While the membership of TX lodges might comprise Christians, that in no way makes Freemasonry Christian. I would hope and expect those Lodges would be happy and proud to accept a man of good character who has a  belief in a Supreme Being  as a member


----------



## Jimmy91 (Jun 23, 2016)

While the membership of TX lodges might comprise Christians, that in no way makes Freemasonry Christian. I would hope and expect those Lodges would be happy and proud to accept a man of good character who has a  belief in a Supreme Being  as a member


I hope so too


----------



## dfreybur (Jun 24, 2016)

Bloke said:


> While the membership of TX lodges might comprise Christians, that in no way makes Freemasonry Christian. I would hope and expect those Lodges would be happy and proud to accept a man of good character who has a  belief in a Supreme Being  as a member



So far I have been to degrees in Texas on the Koran and Bagavat Gita.  That only counts candidates who decided to ask to use a specific book.

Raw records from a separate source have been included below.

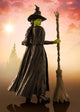 Wicked S.H. Figuarts Action Figure Elphaba 14 cm - Bandai Tamashii Nations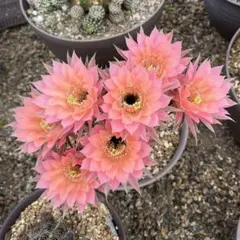 多肉植物 花サボテン 白檀 リューゲンズ ファイヤ - メルカリ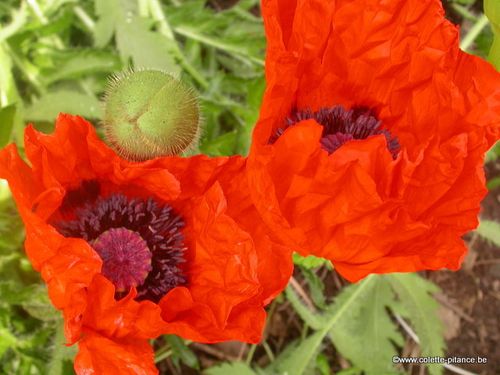 juin2013 051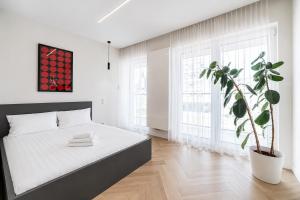 Rynek Jeżycki Modern Studio by BookingHost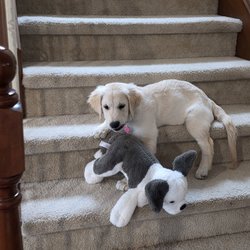 My Golden Retriever Puppies
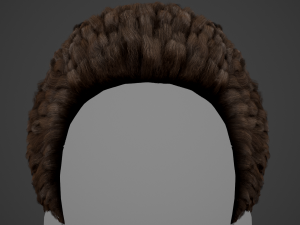 Male Hair Cards Style 11 - Frizzy Hair Modelo 3D
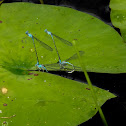 Damselflies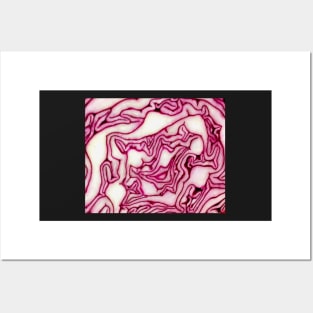 Red Cabbage Design Pattern Posters and Art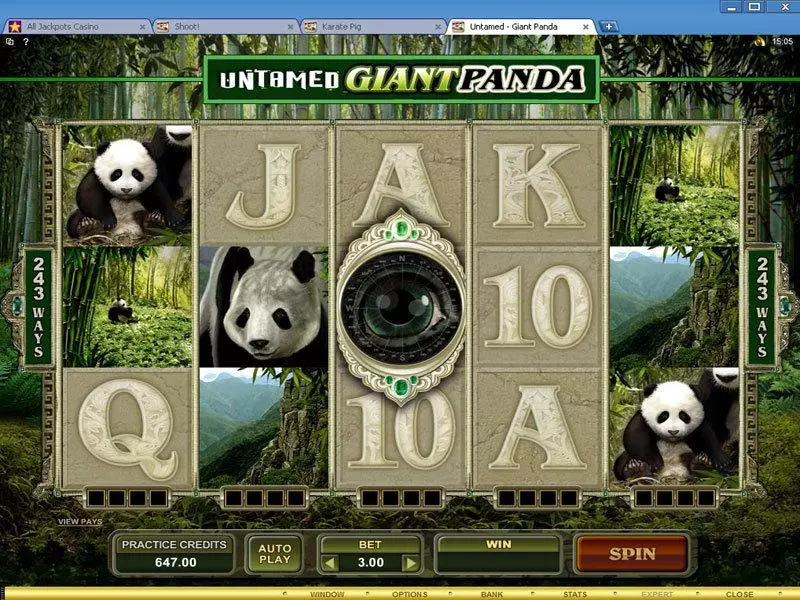 Main Screen Reels - Untamed - Giant Panda Microgaming Slots Game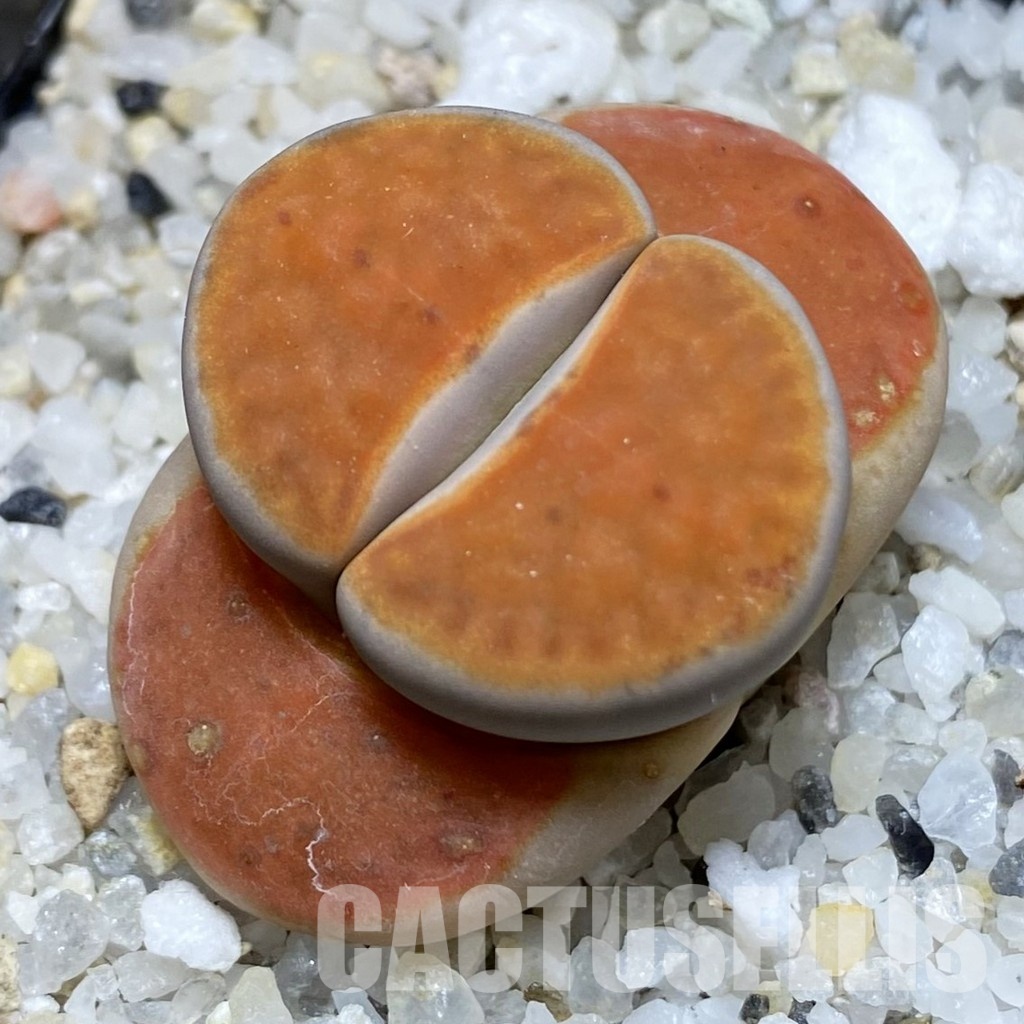 SH31864 Lithops karasmontana v. lateritia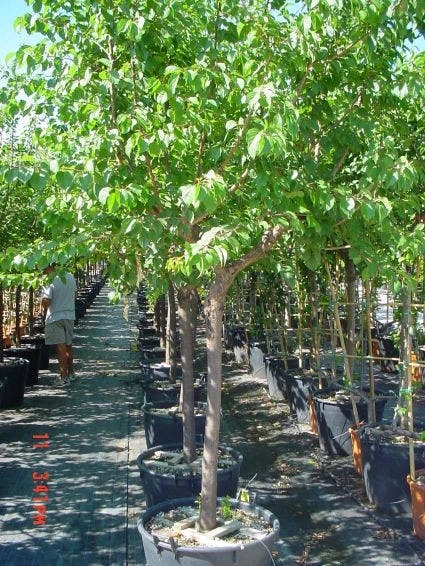 Amandelboom (Prunus Dulcis) 3 Amandelboom (Prunus Dulcis) - Afbeelding 3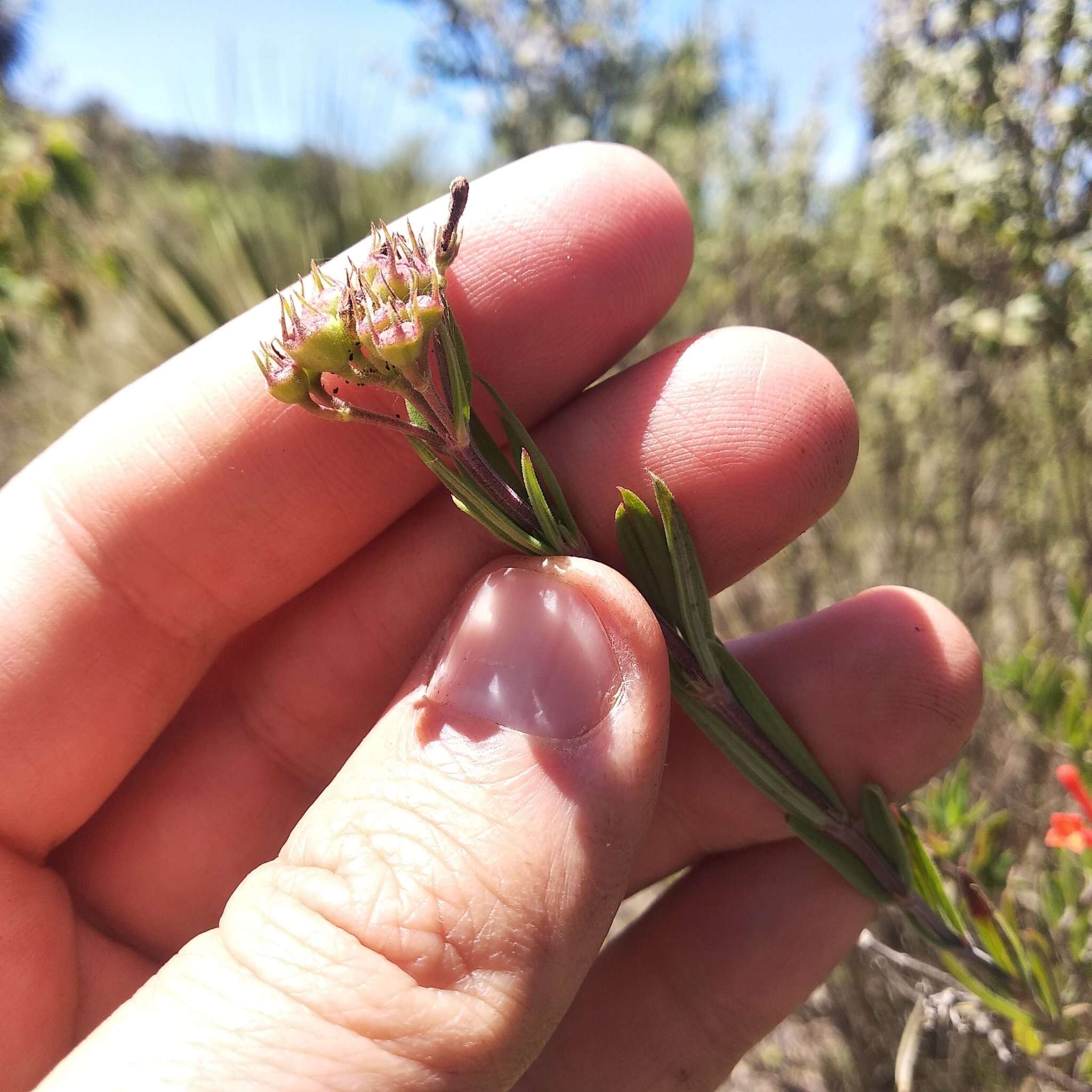 Imagem de Bouvardia tenuifolia Standl.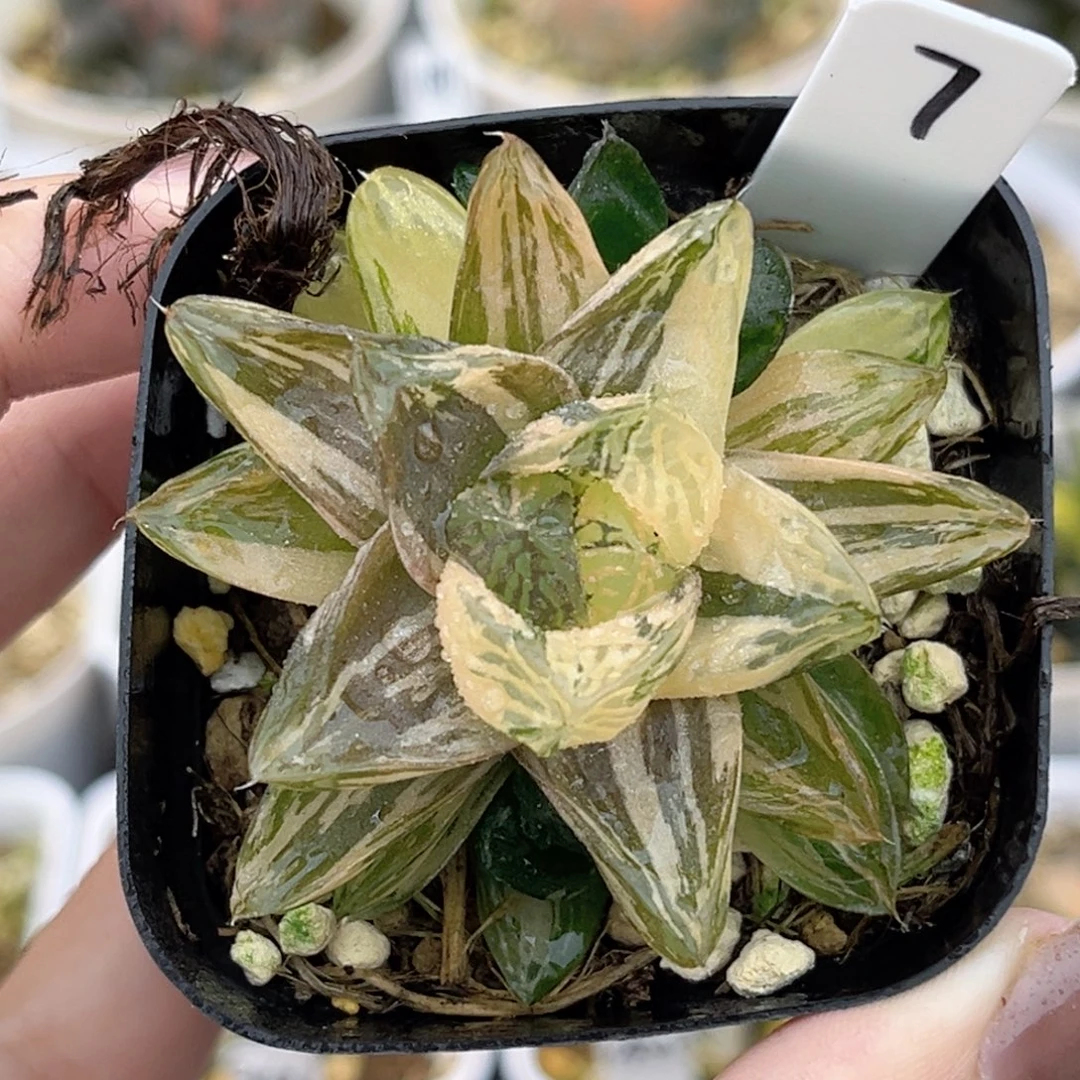 7马琳玉露锦福利专场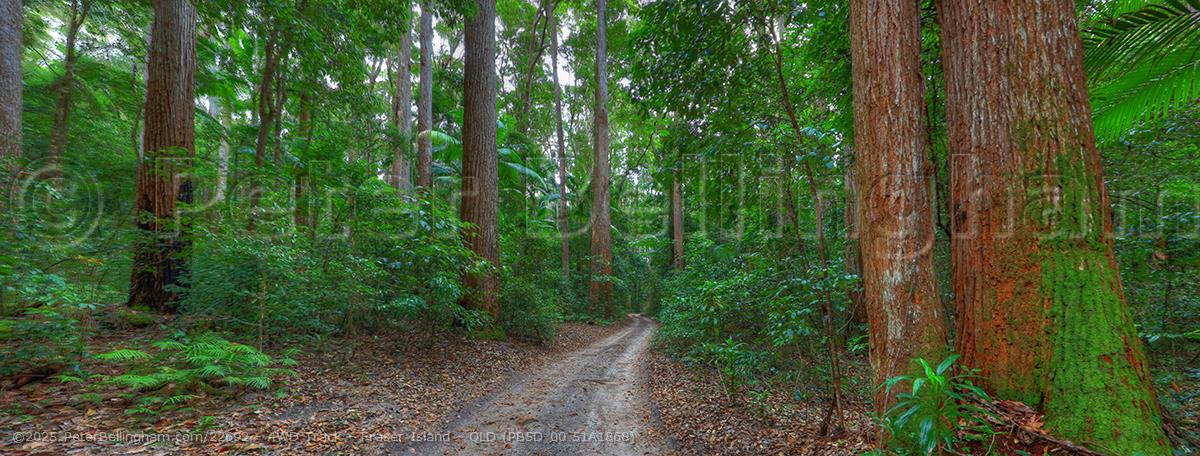 Peter Bellingham Photography 4WD Track - Fraser Island - QLD (PB5D 00 51A1868)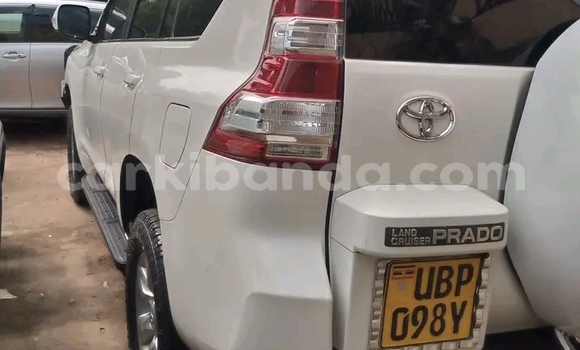 Nunua Ilio tumika Toyota Land Cruiser Prado Nyeupe Gari ndani ya Bugiri nchini Mashariki Nunua Ilio tumika Toyota Land Cruiser Prado Nyeupe Gari ndani ya Bugiri nchini Mashariki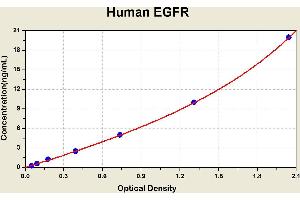 Diagramm of the ELISA kit to detect Human EGFRwith the optical density on the x-axis and the concentration on the y-axis. (EGFR Kit ELISA)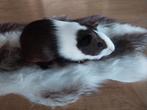 Jonge cavia beertjes, Dieren en Toebehoren, Knaagdieren, Juni, Mannelijk, Cavia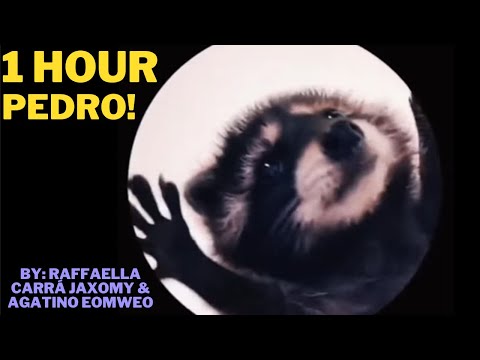 1 Hour - Pedro-Pedro-Pedro! | Raffaella Carrà | Jaxomy Remix | Pedro The Dancing Racoon!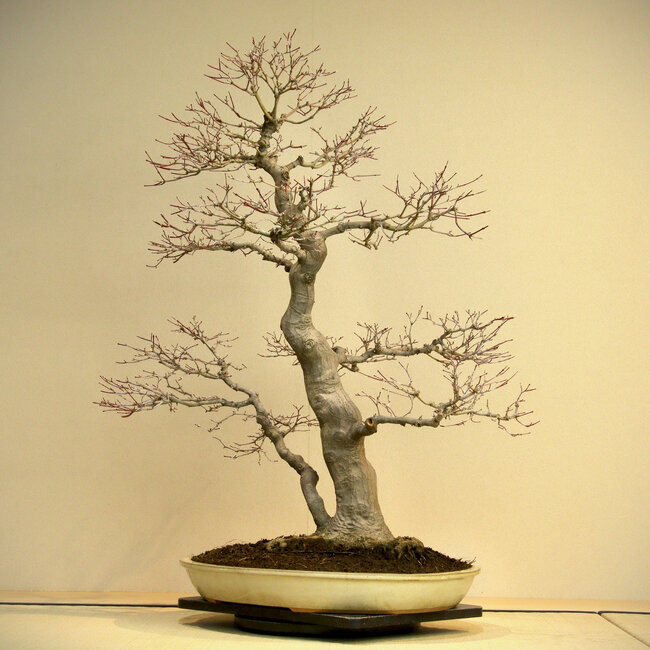 Acer palmatum, 80 cm, ± 45 ans, avec un nebari de 35 cm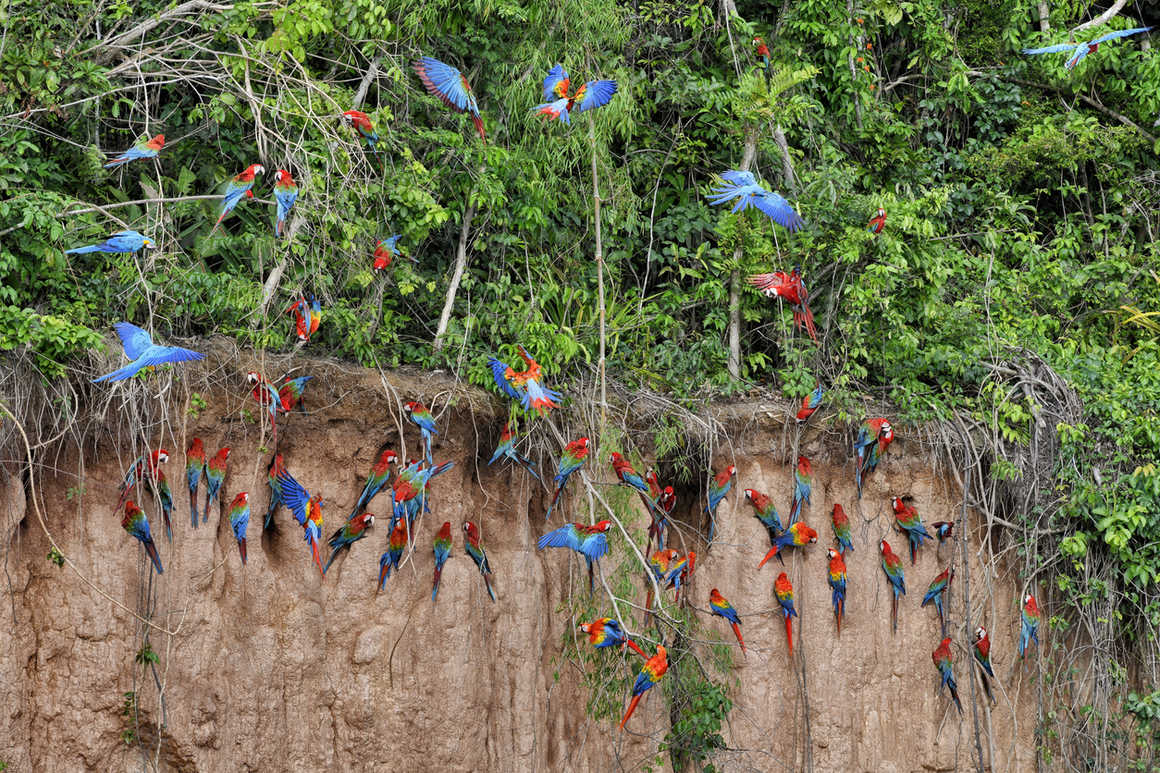 scarlet macaws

It does not include candidates who decided to go into their first degree cold.  When I petitioned I decided to put myself into the hands of the members and I went in having no idea what would happen.  I didn't even know there was a Bible in the room before I first entered.  My degrees were in another jurisdiction but the principle applies everywhere.

I think in a lot of cases the Brothers have no idea whatsoever how religiously diverse the membership is.  Plenty of Brothers never discuss religion in lodge so some incorrectly figure the membership is more uniform than it actually is.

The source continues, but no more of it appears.